• Exercise prompt: Return the entries below in their exact form, leaving the pictures out.

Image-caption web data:
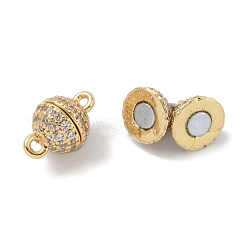Rack Plating Brass Micro Pave Cubic Zirconia Magnetic Clasps with Loops&nbsp;KK-A224-11G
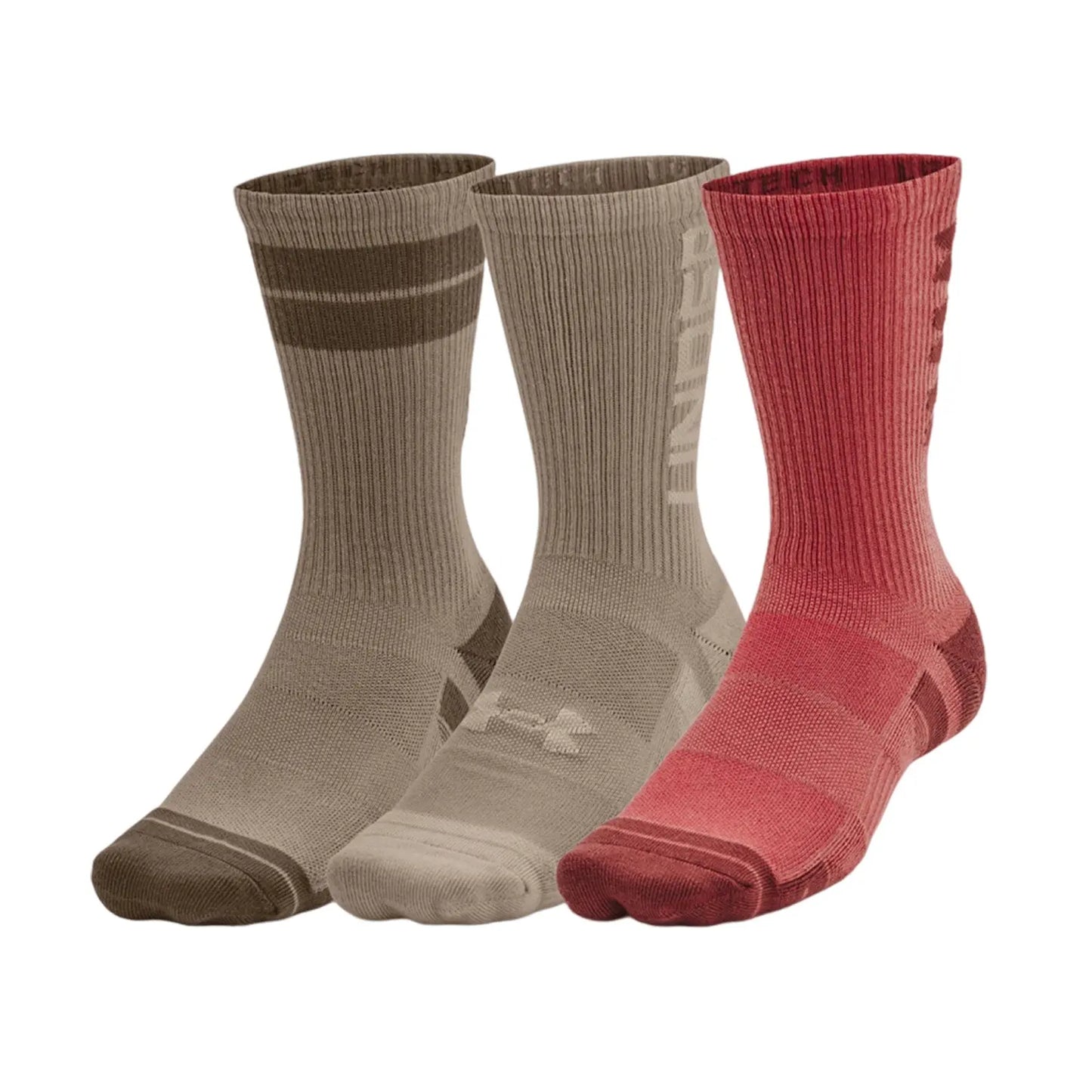 Three pairs of socks are displayed upright featuring various shades of beige and one in red with different patterns and textures against a plain white background.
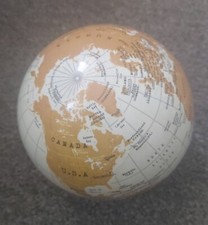 Small White Plastic Revolving Desktop World Globe Excellent Condition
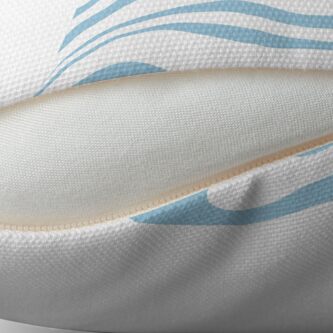 Alternate view of Retro Modern Liquid Swirl Abstract Pattern Square in White and Baby Blue Throw Pillow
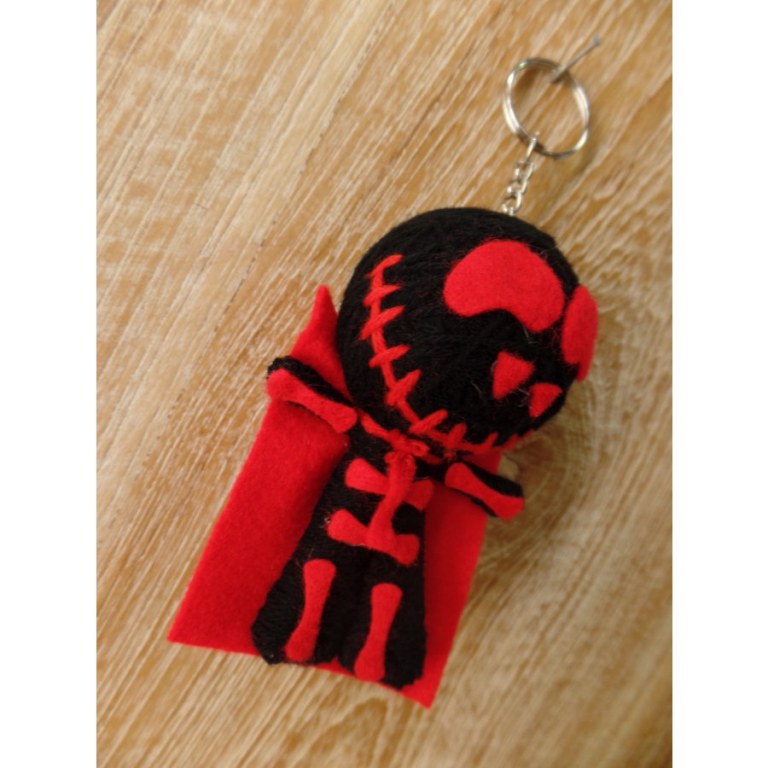 Porte-clés big skeletor noir/rouge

• Written reply:
Rack Plating Brass Micro Pave Cubic Zirconia Magnetic Clasps with Loops&nbsp;KK-A224-11G
 Three pairs of socks are displayed upright featuring various shades of beige and one in red with different patterns and textures against a plain white background.
 Small White Plastic Revolving Desktop World Globe Excellent Condition
 Alternate view of Retro Modern Liquid Swirl Abstract Pattern Square in White and Baby Blue Throw Pillow
 Porte-clés big skeletor noir/rouge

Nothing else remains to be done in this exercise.